Provided entries >>
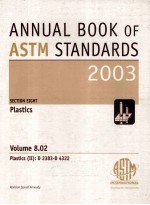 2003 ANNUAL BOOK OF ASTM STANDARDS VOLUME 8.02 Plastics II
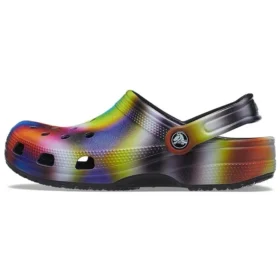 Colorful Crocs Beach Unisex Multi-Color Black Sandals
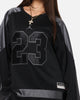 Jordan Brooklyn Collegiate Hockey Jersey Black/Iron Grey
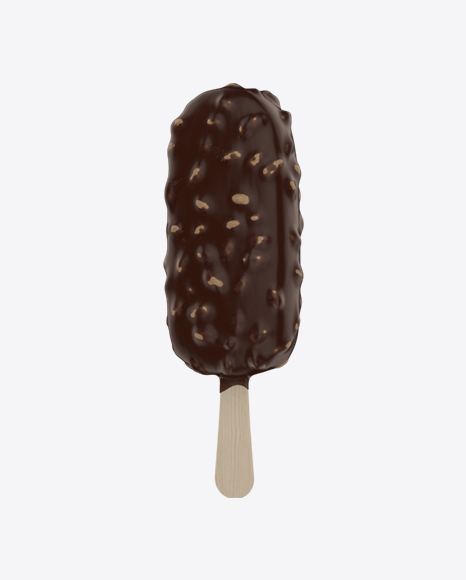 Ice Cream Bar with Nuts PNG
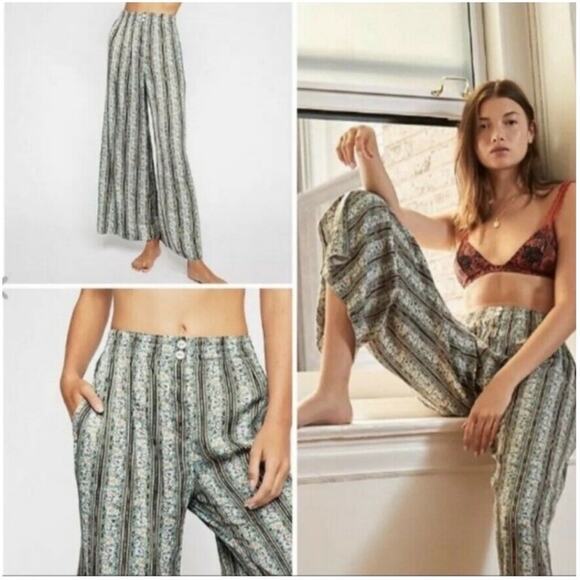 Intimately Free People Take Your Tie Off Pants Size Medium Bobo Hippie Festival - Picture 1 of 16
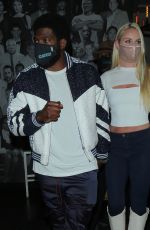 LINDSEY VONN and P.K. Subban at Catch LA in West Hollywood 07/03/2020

What is needed >>
Your task is to repeat exactly the lines from the beginning of the data to the line that contains "Intimately Free People", both ends included, leaving out pictures.

Your solution >>
 2003 ANNUAL BOOK OF ASTM STANDARDS VOLUME 8.02 Plastics II
 Colorful Crocs Beach Unisex Multi-Color Black Sandals
 Jordan Brooklyn Collegiate Hockey Jersey Black/Iron Grey
 Ice Cream Bar with Nuts PNG
 Intimately Free People Take Your Tie Off Pants Size Medium Bobo Hippie Festival - Picture 1 of 16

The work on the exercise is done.